We were comfortably “lollygagging” behind the garage when I heard Clifton complaining and rubbing his left leg from the ankle to the thigh. “What’s wrong?” I asked. I knew he had a problem.

            “Something is stinging me!” he replied, at the same time pulling the pants leg up as far as it would go. There were five of six big red ants crawling around and apparently searching for a place to sting. A little slapping, brushing and kicking soon removed the intruders, but they apparently left their stings behind.  Clifton was extremely unhappy and was still rubbing his leg vigorously.

            There was no reason for that!” he complained. “I hereby declare war against this den of rogue ants!”

            “He turned to me and continued, “Do you think it is necessary to go through any preliminaries, or do we just jump in and start stomping?” I gave it a moment's thought and said, “A war is a serious thing. I think we need to plan a campaign and be properly prepared when we start fighting. We wouldn't want to lose the war, you know.” he rubbed his leg again and answered, “I guess you're right. Where shall we start?”

            I suggested that we build a new weapon and catch them without a defense. After a quick agreement by the injured party we retired to the blacksmith shop to prepare for war! Like two engineers we sat on the work bench stools and began the first phase of the great war between Clifton and Ant Hill No. 13. We named that group No.13 because that is thought of as an unlucky number and we wished that fate on our enemy. My first suggestion was fight them with electricity. To my mean-thinking mind that meant a Model T ignition coil. A one inch spark from a coil, powered by a six volt battery, would stop a mad bull in its tracks! What would it do to a red ant? Clifton agreed quickly and we got busy. He took a coping saw and began sawing a three-quarter inch board into of pistol. He mounted a switch where the trigger is normally installed and connected it to two small wires. A thin nail was connected to the from of the pistol barrel and a long ignition wire connected to it and emerged from the bottom of the handle, along with the two switch wires from the trigger switch. A little putty and paint made it a beautiful little weapon. The two switch wires connected to a portable battery and the long ignition wire connected to the high voltage connection on a Model T Coil. The two wires connected to the input terminals and were controlled by the trigger.

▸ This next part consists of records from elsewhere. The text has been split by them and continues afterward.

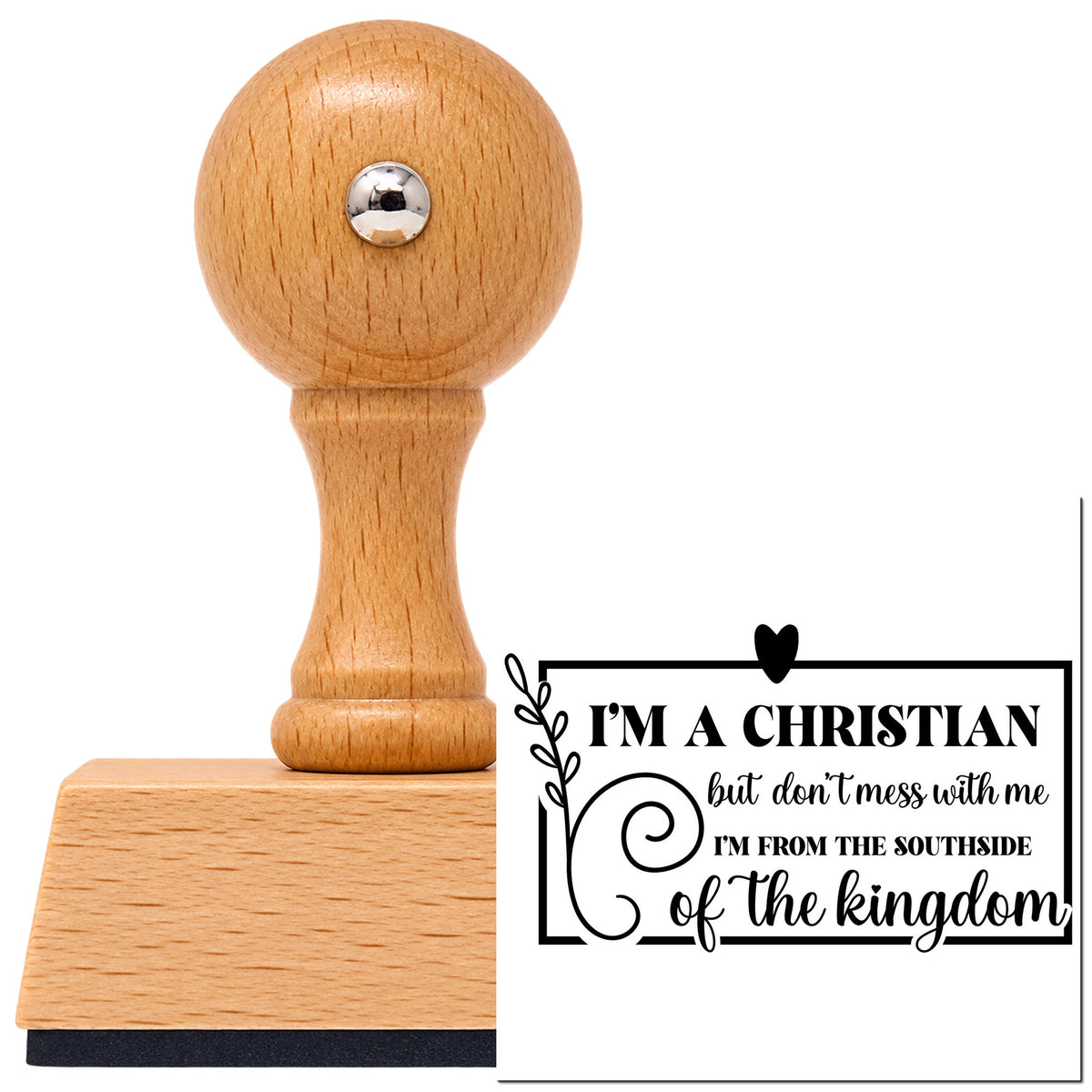 Vintage Pro beech wood stamp with a round knob handle, shown with its black Christian Southside Leaf Framed Lettering imprint on white.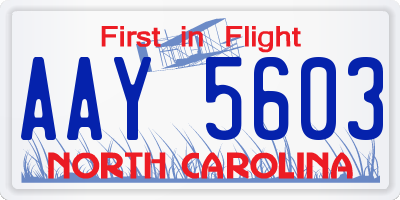 NC license plate AAY5603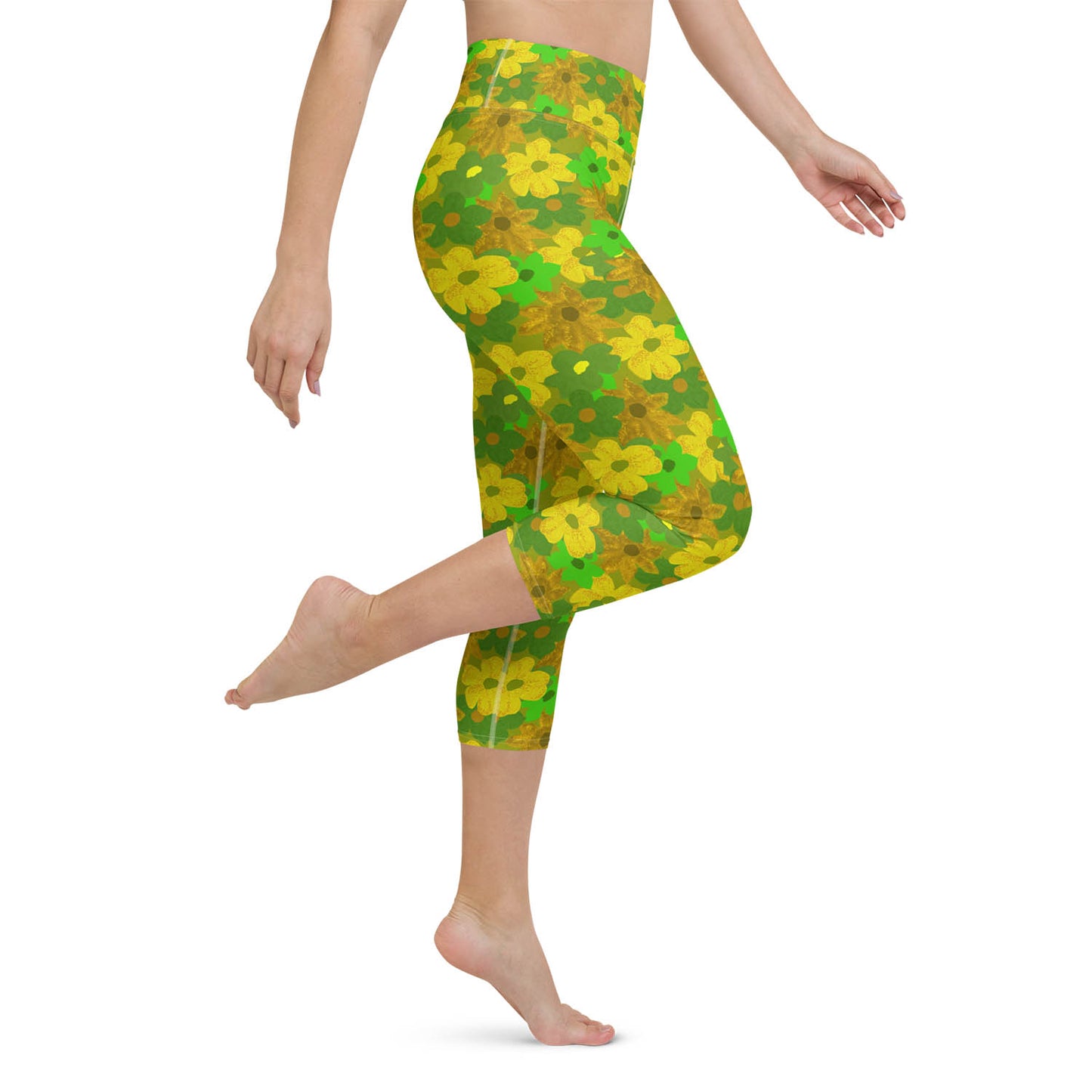 Green Flowers High Waisted Capri Workout Leggings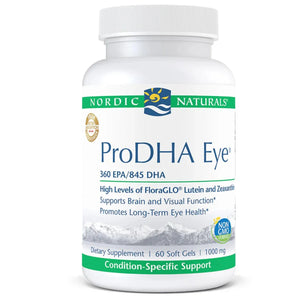 A Supplement container with the name ProDHA Eye by Nordic Naturals.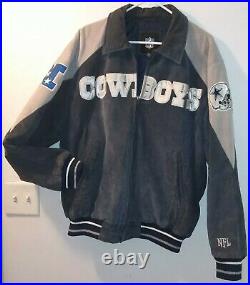 LARGE Vintage Rare REAL Leather Official NFL Dallas Cowboys L Zipper Jacket Coat
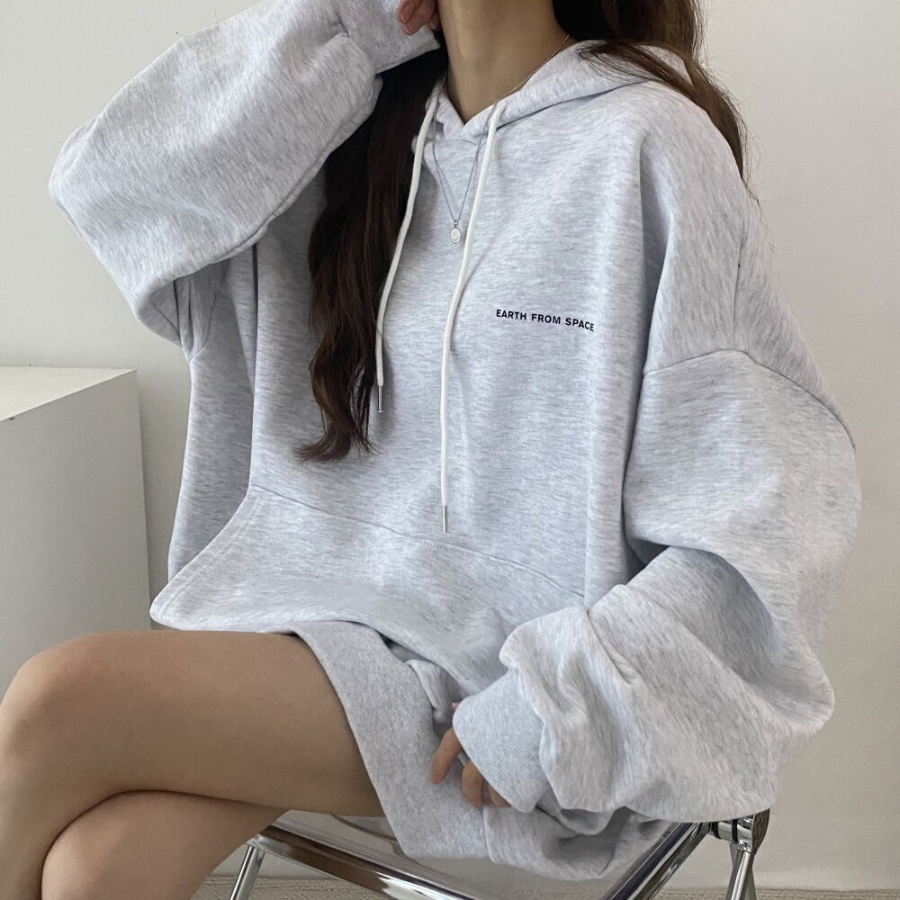 Oversized Earth Lettering Hoodie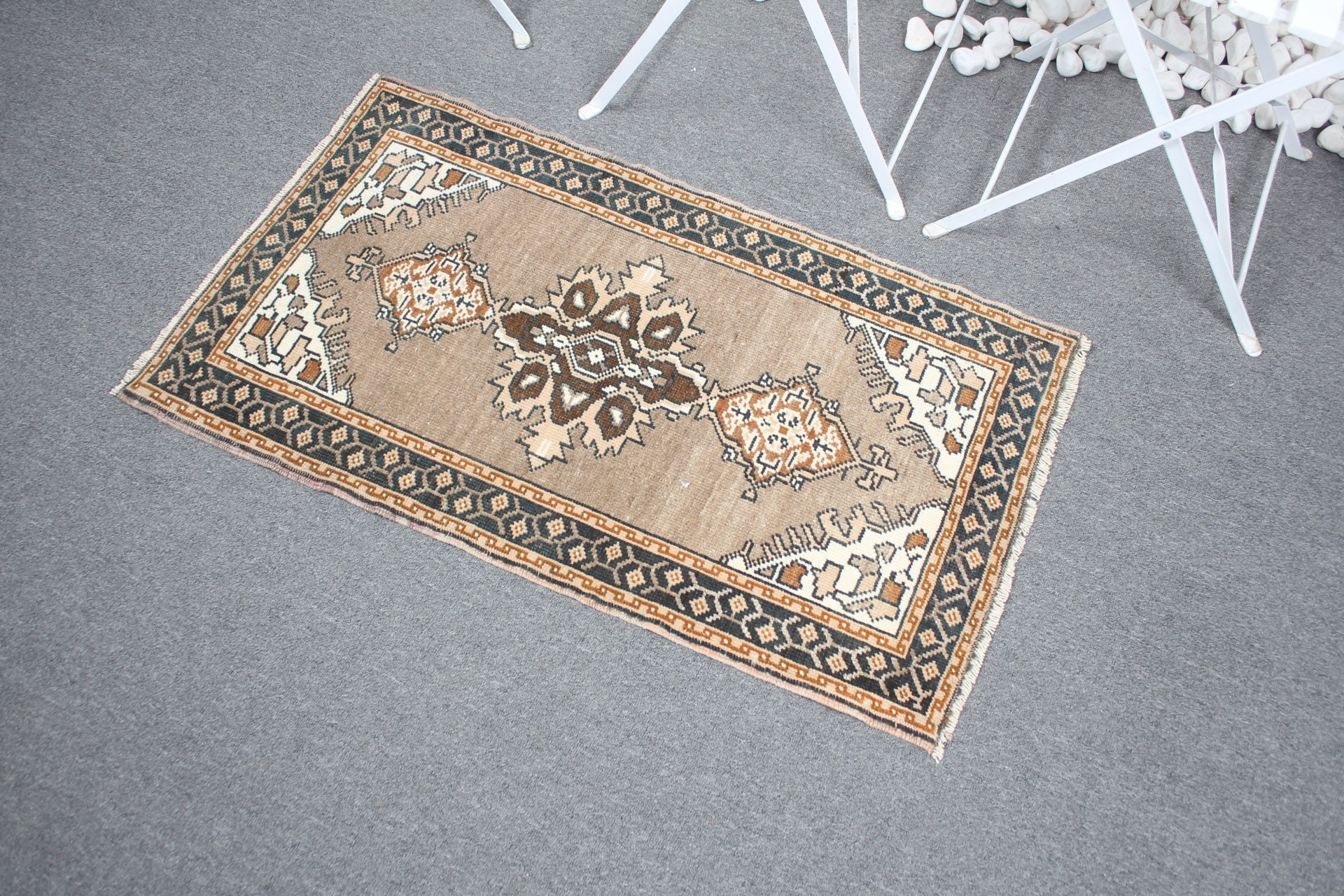 Wall Hanging Rugs, Turkish Rugs, Brown Antique Rugs, 1.9x3.3 ft Small Rug, Bedroom Rug, Vintage Rug, Cute Rug, Bathroom Rug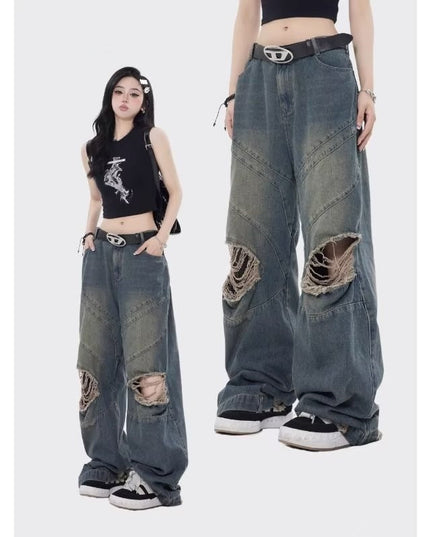 Retro Loose Casual Straight-leg Trousers Women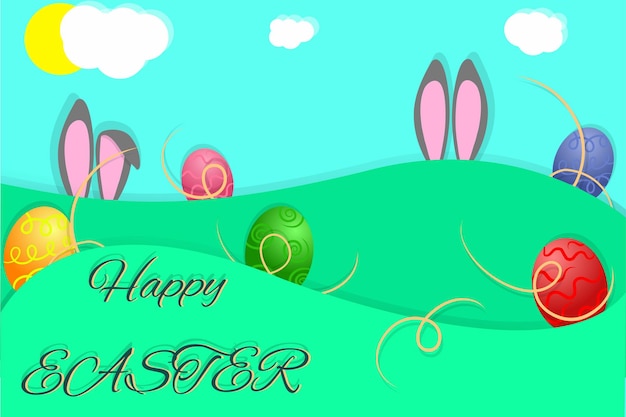 Happy easter card egg and bunny ears Background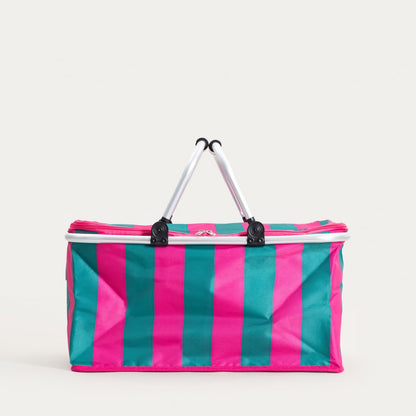 RAYAS Thermal Basket in Pink and Turquoise Stripes
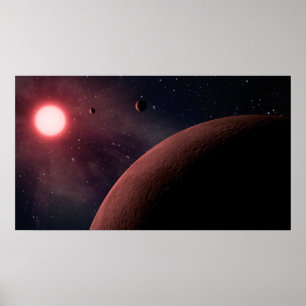 Poster Dwarf Star Alien Planets Space Art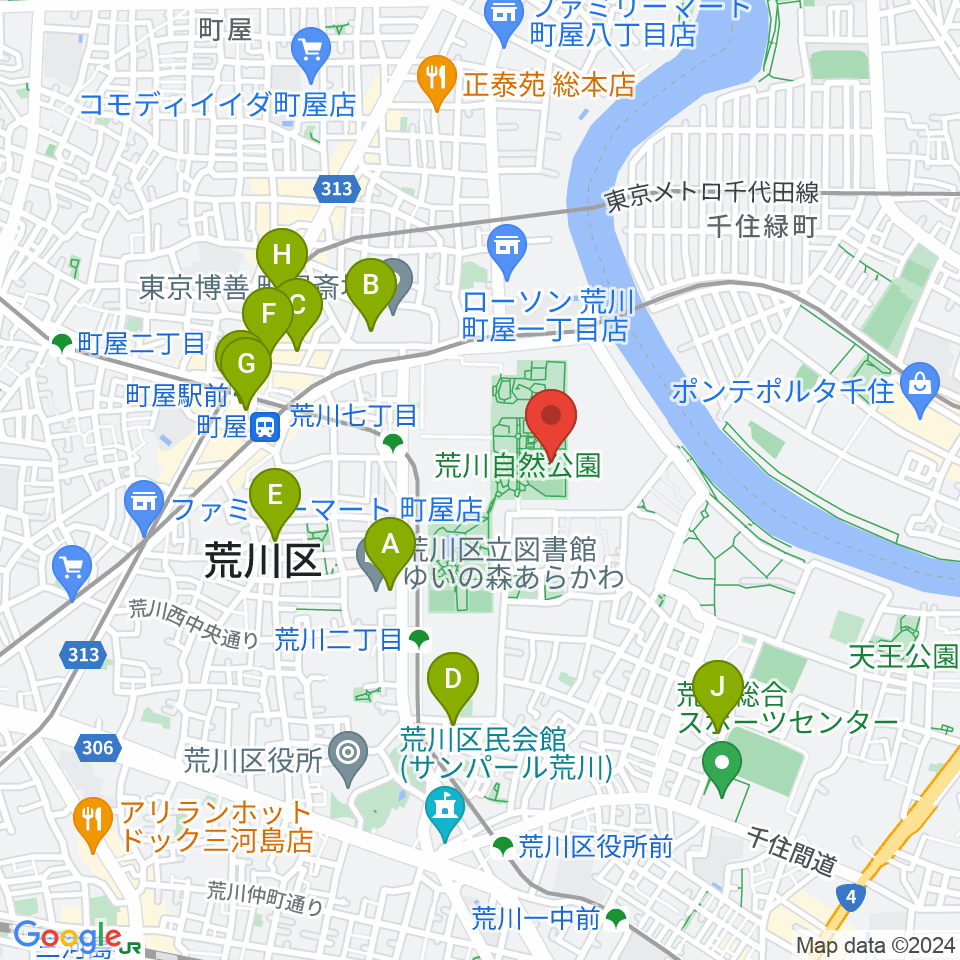 荒川自然公園野球場周辺のカフェ一覧地図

Every time he pulled the trigger on his pistol a long, hot spark jumped from the point of the nail to any item connected to ground.

            He approached the ant trail and shot one of the busy workers with his new weapon. If any of the ant could be found, it was definitely dead! The trail was not busy at this time so waiting for an ant to zap was a slow process that might become boring. This prompted an idea for my weapon. I decided to   try a simple process. I took a length of the ignition wire and after peeling about five inches of insulation off the end I mounted it between two wooden supports directly across the trail. I adjusted the height so an ant passing beneath would furnish a ground for the high voltage. If this system worked properly I would not have to press a switch to get an ant! Two ants approached and ignored the obstruction. As they walked beneath the electric arc there were two sharp cracks and two more ants disappeared.

            As the afternoon progressed the ant traffic increased. I had zapped hundreds on my trail and I knew that Clifton had accounted for many with his electric pistol. I asked Clifton if he were about ready to postpone the battle until another day. He agreed and said that he was well pleased with the way the war was going. “I haven't received another sting.” he said. “The new weapons work well. We can probably win the war in a short time if something doesn't change!” Clifton disconnected his gun from the battery and coil and prepared to leave the battlefield. I started toward the battery and coil to disconnect my equipment. Just as I reached for the clip I saw Clifton fall forward on his face and start using some unacceptable language as he struggled to regain his standing posture.

            Clifton had stumbled across my execution wire just before I disconnected the equipment. I tried to apologize but he was too upset to hear me. Maybe we just weren't meant to be soldiers.